Wednesday, December 14, 2022

#2,879. Killer's Kiss (1955) - The Films of Stanley Kubrick


A famous filmmaker at the start of their career can be… shall we say… interesting?

Sitting down to watch Stanley Kubrick’s Killer’s Kiss, his second feature (his first, Fear and Desire, was withdrawn by Kubrick himself, who wasn’t happy with the final result), had me wondering if I might see early shades of the master director’s noted style peeking around the corners of this 1955 film noir. Would there be traces of the “Kubrick Touch” that, in later years, would transform Paths of Glory, 2001: A Space Odyssey, A Clockwork Orange, The Shining, and others into bona-fide cinematic classics?

Well, one thing about Killer’s Kiss was certainly true to form for the great director; the answers to these questions aren’t nearly as cut-and-dry as I was hoping!

Washed-up boxer Davey Gordon (Jamie Smith) lives in a rundown apartment in New York City. Across the alley from him resides Gloria Price (Irene Kane), a taxi dancer whose boss, Mr. Rapullo (Frank Silvera), won’t leave her alone (he claims to have fallen madly in love with Gloria). One night, after hearing Gloria scream for help, Davey runs to the rescue, kicking off a whirlwind romance between the two.

But when Davey and Gloria decide to leave town together, they find out pretty quickly that crossing the jealous Rapullo can be hazardous to their health!

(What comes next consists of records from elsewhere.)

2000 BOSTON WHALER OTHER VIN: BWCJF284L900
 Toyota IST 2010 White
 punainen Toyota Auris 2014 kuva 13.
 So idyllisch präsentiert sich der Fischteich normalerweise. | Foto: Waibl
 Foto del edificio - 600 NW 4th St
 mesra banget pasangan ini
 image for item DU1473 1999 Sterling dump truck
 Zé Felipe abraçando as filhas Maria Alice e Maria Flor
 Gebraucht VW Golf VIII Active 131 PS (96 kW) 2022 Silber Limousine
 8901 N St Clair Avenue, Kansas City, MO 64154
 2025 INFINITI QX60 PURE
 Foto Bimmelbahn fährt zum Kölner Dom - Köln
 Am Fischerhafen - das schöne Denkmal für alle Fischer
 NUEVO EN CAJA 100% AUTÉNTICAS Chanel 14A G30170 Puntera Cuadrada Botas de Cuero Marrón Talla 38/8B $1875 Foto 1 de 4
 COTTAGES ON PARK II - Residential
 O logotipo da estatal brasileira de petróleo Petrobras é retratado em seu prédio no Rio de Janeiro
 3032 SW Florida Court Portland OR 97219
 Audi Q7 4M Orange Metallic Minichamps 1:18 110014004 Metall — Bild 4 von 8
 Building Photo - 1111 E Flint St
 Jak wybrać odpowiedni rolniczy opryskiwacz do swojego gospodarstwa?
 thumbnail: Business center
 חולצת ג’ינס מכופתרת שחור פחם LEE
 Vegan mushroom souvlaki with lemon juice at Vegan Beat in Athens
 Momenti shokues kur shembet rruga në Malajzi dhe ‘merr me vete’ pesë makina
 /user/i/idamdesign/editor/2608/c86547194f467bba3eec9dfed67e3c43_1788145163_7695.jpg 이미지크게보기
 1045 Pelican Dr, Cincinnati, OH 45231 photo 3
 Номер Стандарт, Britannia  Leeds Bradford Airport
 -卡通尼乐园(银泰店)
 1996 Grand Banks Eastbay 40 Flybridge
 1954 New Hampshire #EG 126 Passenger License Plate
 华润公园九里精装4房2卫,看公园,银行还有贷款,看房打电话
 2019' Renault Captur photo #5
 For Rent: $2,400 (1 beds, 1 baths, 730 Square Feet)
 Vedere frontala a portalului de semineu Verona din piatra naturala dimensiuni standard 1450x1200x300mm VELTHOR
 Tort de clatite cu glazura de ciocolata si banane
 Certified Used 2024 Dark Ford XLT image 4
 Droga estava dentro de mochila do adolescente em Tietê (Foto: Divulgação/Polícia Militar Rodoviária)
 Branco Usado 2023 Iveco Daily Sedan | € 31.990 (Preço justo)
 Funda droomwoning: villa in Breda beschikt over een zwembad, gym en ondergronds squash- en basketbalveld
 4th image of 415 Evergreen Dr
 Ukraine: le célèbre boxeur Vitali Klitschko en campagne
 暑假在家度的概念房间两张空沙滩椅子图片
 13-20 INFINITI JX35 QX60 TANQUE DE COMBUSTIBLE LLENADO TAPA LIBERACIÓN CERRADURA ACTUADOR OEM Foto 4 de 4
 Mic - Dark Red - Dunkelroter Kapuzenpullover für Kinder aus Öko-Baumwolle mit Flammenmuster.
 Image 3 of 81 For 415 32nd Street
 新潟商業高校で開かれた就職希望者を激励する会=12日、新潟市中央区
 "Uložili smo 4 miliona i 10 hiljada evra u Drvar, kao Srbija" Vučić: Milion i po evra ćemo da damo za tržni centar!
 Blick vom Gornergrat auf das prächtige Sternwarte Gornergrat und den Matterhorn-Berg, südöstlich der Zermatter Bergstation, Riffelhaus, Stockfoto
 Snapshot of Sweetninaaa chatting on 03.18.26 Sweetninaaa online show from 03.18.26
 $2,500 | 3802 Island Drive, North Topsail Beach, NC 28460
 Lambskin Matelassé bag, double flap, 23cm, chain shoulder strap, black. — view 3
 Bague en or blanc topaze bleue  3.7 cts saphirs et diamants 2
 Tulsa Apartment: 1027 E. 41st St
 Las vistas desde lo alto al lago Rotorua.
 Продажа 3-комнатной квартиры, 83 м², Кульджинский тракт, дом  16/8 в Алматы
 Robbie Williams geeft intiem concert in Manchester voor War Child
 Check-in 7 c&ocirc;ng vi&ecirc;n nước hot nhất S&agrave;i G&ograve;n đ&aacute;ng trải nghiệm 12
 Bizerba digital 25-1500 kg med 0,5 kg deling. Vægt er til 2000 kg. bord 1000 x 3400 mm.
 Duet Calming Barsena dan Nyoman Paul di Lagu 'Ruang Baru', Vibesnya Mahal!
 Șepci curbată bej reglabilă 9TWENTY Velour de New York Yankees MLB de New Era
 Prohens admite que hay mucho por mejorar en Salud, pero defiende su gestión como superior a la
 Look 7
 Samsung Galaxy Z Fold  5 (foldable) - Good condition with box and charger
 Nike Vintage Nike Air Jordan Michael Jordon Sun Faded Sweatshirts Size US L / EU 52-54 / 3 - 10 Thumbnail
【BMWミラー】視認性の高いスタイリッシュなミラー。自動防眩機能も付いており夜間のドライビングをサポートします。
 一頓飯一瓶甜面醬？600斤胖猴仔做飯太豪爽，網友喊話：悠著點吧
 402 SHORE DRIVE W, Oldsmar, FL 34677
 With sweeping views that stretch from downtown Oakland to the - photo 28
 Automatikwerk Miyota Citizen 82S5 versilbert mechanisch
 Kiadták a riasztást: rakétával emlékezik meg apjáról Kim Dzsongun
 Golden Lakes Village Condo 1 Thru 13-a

By the time he made Killer’s Kiss, Stanley Kubrick had already established himself as one of New York’s most prominent photographers, with his pictures appearing in Look Magazine as early as 1945. By the late ‘40s, Kubrick had become enamored with motion pictures, which would be his profession - as well as his obsession - for the remainder of his life. Yet in Killer’s Kiss, his photographic sensibilities seem to be at the forefront; there are entire scenes set on the streets of New York, where Kubrick - known in later years as a very controlling, meticulous director - simply shot whatever caught his eye, from a pair of performers marching down 42nd Street to the display windows of nearby shops and the trash-lined streets.

To see the man who set a world record by making Jack Nicholson and Shelley Duvall redo a single scene in The Shining 148 times simply “winging it” in Killer’s Kiss was something of a culture shock. But with his keen eye, what Kubrick did capture on film - in stark, stunning black and white - was something quite extraordinary (especially memorable is a late chase scene, in which Davey is running through desolate back alleys to avoid Rapullo and his cronies).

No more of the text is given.